Transcription factors control gene expression; among these, transcriptional repressors must liberate the promoter for derepression to occur. Toxin–antitoxin (TA) modules are bacterial elements that autoregulate their transcription by binding the promoter in a T:A ratio-dependent manner, known as conditional cooperativity. The molecular basis of how excess toxin triggers derepression has remained elusive, largely because monitoring the rearrangement of promoter–repressor complexes, which underpin derepression, is challenging. Here, we dissect the autoregulation of the Salmonella enterica tacAT3 module. Using a combination of assays targeting DNA binding and promoter activity, as well as structural characterization, we determine the essential TA and DNA elements required to control transcription, and we reconstitute a repression-to-derepression path. We demonstrate that excess toxin triggers molecular stripping of the repressor complex off the DNA through multiple allosteric changes causing DNA distortion and ultimately leading to derepression. Thus, our work provides important insight into the mechanisms underlying conditional cooperativity.

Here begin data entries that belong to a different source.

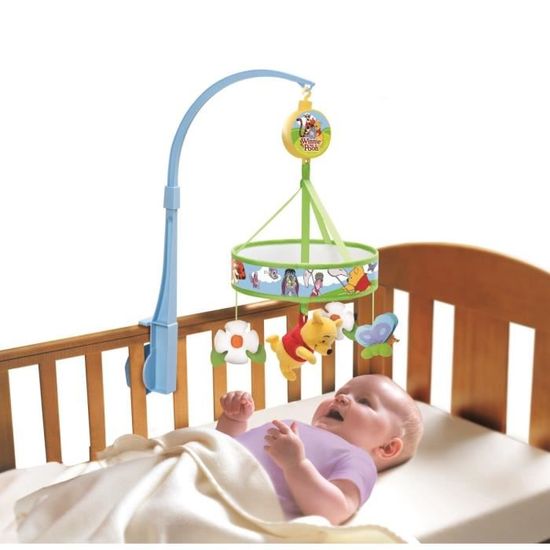 Tomy Mobile Attrap Papillons Winnie L Ourson Vert Achat Vente Mobile Cdiscount Tomy Mobile Attrap Papillons Winnie L Ourson Vert Achat Vente Mobile Cdiscount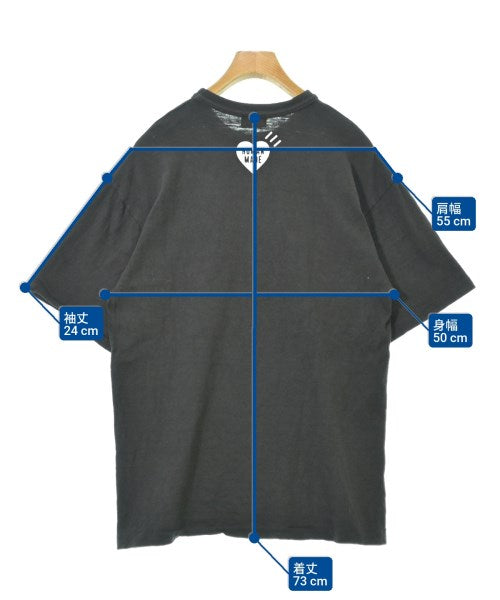 HUMAN MADE T恤/上衣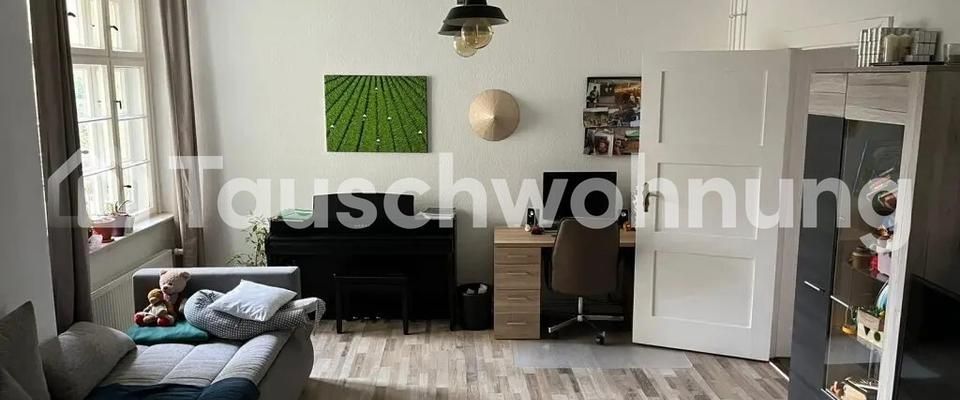 TAUSCHWOHNUNG 2-Zimmer Altbau in Treptow gegen 3 Zimmer in Treptow-Köp - Photo 1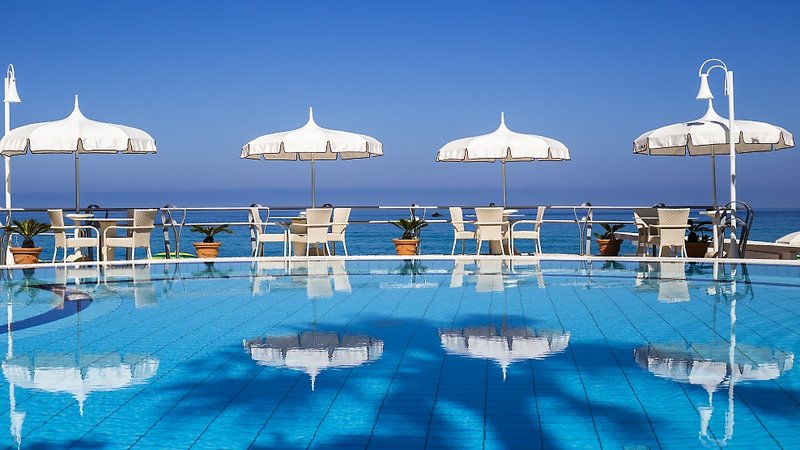 Villaggio Il Gabbiano 2 - Outdoor Pool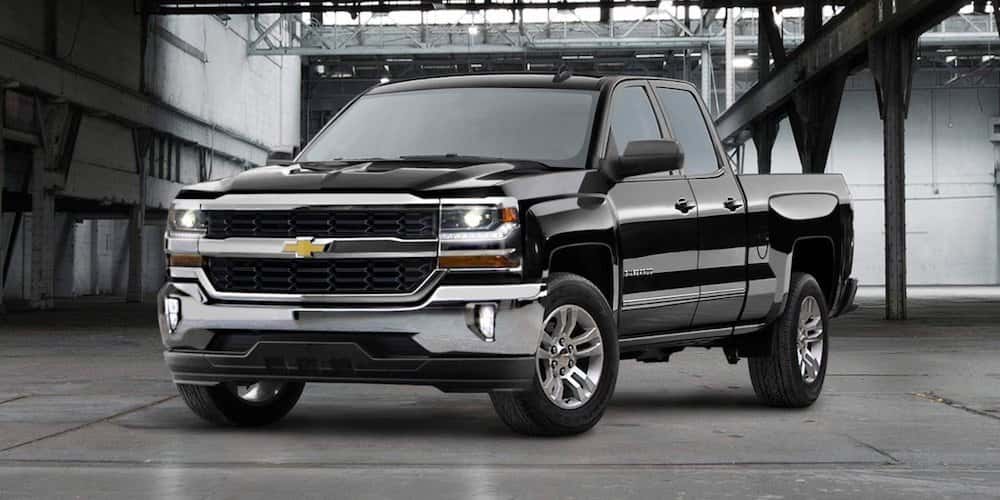 Used Chevy Trucks DePaula Used Chevy Trucks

转录因子控制基因表达；其中，转录抑制因子必须释放启动子才能发生去抑制。毒素-抗毒素 (TA) 模块是细菌元件，通过以 T:A 比例依赖的方式（称为条件协同性）结合启动子来自动调节其转录。过量毒素如何触发去抑制的分子基础仍然难以捉摸，主要是因为监测支持去抑制的启动子-阻遏物复合物的重排具有挑战性。在这里，我们剖析了肠沙门氏菌 tacAT3模块的自动调节。通过结合针对 DNA 结合和启动子活性的检测以及结构表征，我们确定了控制转录所需的基本 TA 和 DNA 元件，并重建了抑制到去抑制的路径。我们证明，过量的毒素会通过多种变构变化触发阻遏复合物从 DNA 上分子剥离，从而导致 DNA 扭曲并最终导致去阻遏。因此，我们的工作为了解条件合作性的机制提供了重要的见解。